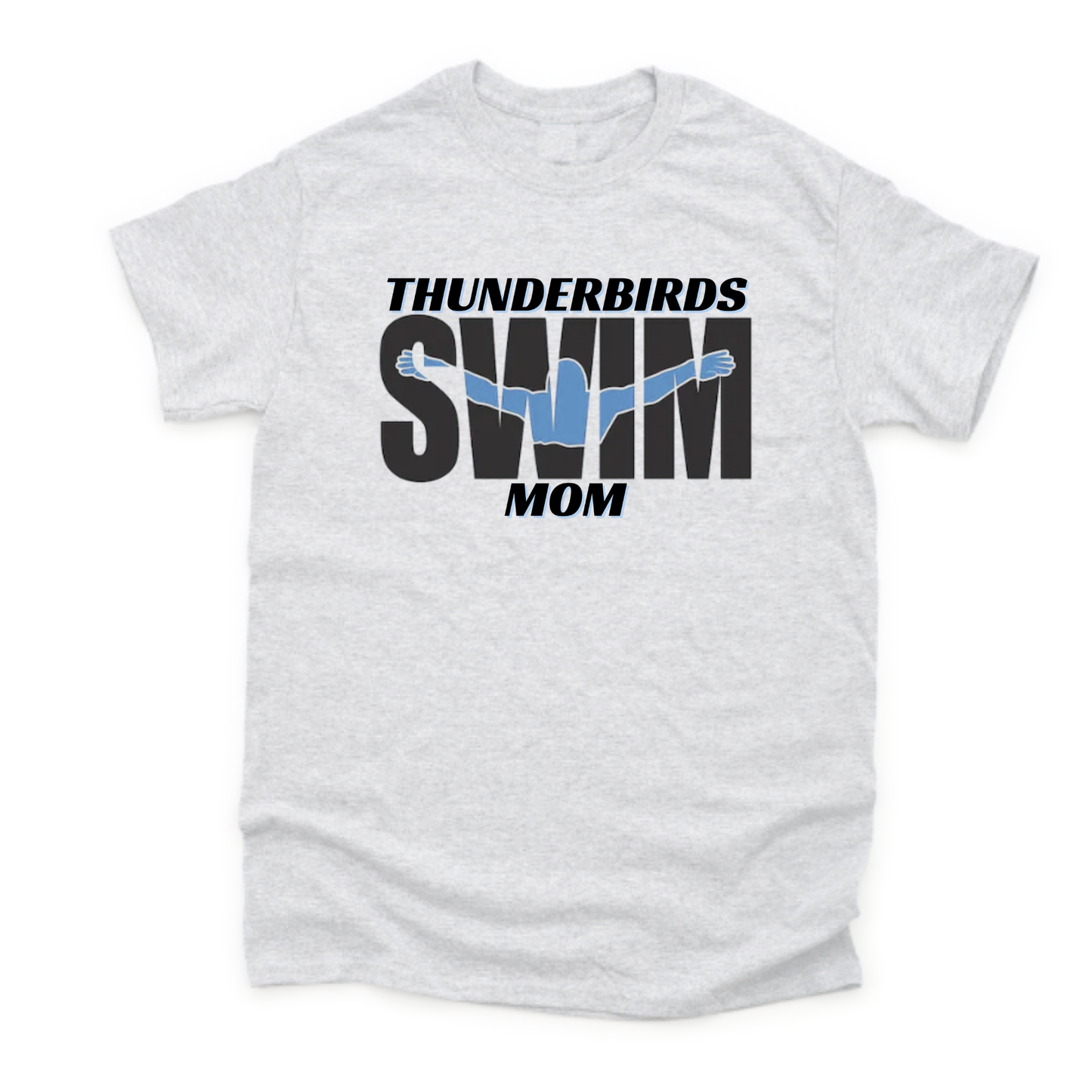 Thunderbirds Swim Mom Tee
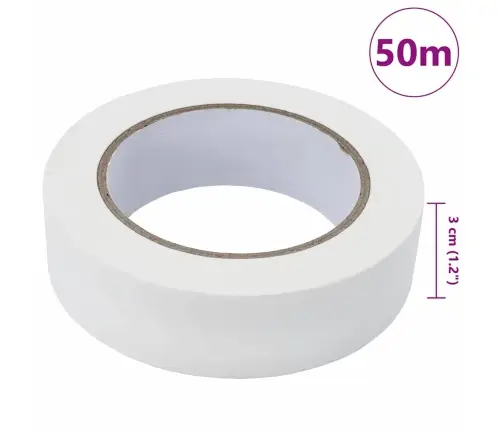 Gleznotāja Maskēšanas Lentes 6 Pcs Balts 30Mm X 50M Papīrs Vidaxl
---
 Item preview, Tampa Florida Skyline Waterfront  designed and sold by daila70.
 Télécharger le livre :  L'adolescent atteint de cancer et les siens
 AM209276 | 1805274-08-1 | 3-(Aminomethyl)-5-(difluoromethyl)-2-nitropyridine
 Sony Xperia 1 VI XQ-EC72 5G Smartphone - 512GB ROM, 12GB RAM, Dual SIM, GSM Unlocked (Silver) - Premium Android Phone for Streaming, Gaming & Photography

_Work instruction_
Now transcribe the lines above exactly, starting at the line containing "Thunderbirds Swim Mom Tee" and ending at the line containing "Gleznotāja Maskēšanas Lentes", both lines included, pictures excluded.

_Response area_
 Thunderbirds Swim Mom Tee
 Gleznotāja Maskēšanas Lentes 6 Pcs Balts 30Mm X 50M Papīrs Vidaxl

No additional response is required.